Given records:
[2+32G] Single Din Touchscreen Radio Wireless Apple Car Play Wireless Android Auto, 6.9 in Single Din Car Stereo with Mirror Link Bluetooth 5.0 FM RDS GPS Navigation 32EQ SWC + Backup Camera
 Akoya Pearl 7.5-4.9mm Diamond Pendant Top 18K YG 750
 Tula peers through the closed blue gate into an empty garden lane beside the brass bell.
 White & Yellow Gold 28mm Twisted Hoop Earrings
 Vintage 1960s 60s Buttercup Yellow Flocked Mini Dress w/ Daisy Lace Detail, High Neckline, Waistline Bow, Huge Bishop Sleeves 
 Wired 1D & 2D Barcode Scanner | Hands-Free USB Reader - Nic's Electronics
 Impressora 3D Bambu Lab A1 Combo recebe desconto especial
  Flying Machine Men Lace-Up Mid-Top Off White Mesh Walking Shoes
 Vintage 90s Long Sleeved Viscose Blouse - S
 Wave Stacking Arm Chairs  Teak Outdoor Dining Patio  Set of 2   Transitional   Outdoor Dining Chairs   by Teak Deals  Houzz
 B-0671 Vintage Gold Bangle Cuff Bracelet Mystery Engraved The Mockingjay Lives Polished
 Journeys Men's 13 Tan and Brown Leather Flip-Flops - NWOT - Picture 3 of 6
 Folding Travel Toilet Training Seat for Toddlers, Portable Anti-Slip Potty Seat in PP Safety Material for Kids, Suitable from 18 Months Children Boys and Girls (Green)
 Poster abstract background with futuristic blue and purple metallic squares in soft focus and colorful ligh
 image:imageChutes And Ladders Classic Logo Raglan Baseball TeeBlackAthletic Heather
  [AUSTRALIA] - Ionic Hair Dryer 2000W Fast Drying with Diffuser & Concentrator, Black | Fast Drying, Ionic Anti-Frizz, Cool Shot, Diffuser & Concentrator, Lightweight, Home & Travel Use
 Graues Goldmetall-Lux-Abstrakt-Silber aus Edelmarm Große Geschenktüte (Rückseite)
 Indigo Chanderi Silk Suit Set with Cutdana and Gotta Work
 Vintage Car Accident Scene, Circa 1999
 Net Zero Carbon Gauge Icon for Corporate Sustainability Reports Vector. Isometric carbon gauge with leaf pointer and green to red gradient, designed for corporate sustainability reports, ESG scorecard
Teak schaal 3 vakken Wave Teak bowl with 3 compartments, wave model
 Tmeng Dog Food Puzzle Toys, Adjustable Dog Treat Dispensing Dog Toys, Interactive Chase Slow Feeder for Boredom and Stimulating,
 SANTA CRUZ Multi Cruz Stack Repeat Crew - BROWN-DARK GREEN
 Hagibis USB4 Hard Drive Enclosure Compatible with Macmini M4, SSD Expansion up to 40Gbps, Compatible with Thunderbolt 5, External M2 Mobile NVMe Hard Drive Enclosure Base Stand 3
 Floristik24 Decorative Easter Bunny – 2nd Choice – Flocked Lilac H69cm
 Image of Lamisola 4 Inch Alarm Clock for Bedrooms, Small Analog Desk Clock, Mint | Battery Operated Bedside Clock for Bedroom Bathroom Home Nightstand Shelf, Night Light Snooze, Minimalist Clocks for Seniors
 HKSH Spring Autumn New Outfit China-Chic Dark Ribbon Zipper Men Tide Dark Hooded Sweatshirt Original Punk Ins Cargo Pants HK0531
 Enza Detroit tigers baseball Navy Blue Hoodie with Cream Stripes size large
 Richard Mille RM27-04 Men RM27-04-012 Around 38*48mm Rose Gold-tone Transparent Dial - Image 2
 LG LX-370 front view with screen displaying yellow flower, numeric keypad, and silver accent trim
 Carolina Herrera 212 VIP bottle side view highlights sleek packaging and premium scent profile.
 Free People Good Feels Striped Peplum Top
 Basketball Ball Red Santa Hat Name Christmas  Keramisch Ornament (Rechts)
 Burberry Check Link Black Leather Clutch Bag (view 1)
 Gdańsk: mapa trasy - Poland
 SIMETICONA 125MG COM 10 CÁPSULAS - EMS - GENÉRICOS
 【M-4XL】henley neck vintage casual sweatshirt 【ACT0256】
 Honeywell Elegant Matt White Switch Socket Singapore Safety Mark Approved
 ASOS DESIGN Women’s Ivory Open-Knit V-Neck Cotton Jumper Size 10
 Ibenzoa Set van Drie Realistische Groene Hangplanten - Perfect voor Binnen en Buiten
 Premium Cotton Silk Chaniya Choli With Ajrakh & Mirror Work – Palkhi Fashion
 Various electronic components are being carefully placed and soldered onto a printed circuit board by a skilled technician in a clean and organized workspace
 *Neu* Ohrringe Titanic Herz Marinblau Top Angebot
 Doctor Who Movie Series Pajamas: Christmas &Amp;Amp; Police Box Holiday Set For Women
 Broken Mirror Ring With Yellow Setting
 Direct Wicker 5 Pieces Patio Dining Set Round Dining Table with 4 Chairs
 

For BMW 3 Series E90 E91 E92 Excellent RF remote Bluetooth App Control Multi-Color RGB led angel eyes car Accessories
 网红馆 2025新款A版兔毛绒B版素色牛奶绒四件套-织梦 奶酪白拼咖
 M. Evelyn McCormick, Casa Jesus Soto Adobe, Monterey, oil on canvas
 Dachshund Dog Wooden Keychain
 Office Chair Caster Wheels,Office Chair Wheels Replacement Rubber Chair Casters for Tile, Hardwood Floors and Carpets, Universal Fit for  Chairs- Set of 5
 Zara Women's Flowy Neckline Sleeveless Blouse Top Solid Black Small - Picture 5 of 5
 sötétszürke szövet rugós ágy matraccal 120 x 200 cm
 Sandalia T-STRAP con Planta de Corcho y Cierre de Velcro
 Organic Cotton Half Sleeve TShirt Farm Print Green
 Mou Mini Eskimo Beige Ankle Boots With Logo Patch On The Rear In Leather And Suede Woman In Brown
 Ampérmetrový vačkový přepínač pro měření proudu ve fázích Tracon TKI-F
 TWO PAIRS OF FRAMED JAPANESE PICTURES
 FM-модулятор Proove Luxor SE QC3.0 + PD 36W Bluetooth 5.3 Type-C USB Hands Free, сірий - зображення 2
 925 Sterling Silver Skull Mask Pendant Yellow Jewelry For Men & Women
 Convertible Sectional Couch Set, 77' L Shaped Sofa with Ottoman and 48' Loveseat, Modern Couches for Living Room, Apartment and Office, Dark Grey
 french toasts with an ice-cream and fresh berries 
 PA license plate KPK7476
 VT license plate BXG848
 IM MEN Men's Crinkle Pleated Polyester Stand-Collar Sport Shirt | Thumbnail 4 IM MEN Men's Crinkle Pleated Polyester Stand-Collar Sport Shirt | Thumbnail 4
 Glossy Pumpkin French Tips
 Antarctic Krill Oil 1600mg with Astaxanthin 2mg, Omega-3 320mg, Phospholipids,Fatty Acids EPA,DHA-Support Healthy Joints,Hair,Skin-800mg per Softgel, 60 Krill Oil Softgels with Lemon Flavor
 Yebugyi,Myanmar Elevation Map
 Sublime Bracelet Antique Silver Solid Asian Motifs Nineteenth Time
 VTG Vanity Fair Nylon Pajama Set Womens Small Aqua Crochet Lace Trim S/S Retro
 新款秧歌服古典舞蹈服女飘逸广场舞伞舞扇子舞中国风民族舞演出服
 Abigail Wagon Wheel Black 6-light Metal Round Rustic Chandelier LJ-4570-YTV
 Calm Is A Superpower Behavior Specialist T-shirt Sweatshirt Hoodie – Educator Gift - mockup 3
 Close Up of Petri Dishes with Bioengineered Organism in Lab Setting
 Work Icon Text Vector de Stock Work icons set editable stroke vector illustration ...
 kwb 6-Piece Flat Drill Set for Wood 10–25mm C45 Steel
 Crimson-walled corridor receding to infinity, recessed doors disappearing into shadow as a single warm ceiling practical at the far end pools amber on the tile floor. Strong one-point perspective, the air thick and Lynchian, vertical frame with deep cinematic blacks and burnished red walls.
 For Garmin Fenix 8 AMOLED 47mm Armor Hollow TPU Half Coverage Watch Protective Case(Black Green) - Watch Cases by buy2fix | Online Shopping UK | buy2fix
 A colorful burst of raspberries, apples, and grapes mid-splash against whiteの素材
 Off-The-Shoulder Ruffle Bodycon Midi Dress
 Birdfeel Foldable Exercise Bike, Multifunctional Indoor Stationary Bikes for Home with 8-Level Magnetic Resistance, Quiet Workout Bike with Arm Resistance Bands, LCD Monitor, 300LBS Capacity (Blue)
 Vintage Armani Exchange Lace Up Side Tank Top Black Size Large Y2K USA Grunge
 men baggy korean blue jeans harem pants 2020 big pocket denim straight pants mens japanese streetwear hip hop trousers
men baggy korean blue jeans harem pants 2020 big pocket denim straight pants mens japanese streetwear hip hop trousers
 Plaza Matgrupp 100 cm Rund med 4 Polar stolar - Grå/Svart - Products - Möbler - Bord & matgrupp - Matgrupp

Exercise: For the string "Bracelet", go through the entries above and copy each line where it occurs.

Answer box:
 B-0671 Vintage Gold Bangle Cuff Bracelet Mystery Engraved The Mockingjay Lives Polished
 Sublime Bracelet Antique Silver Solid Asian Motifs Nineteenth Time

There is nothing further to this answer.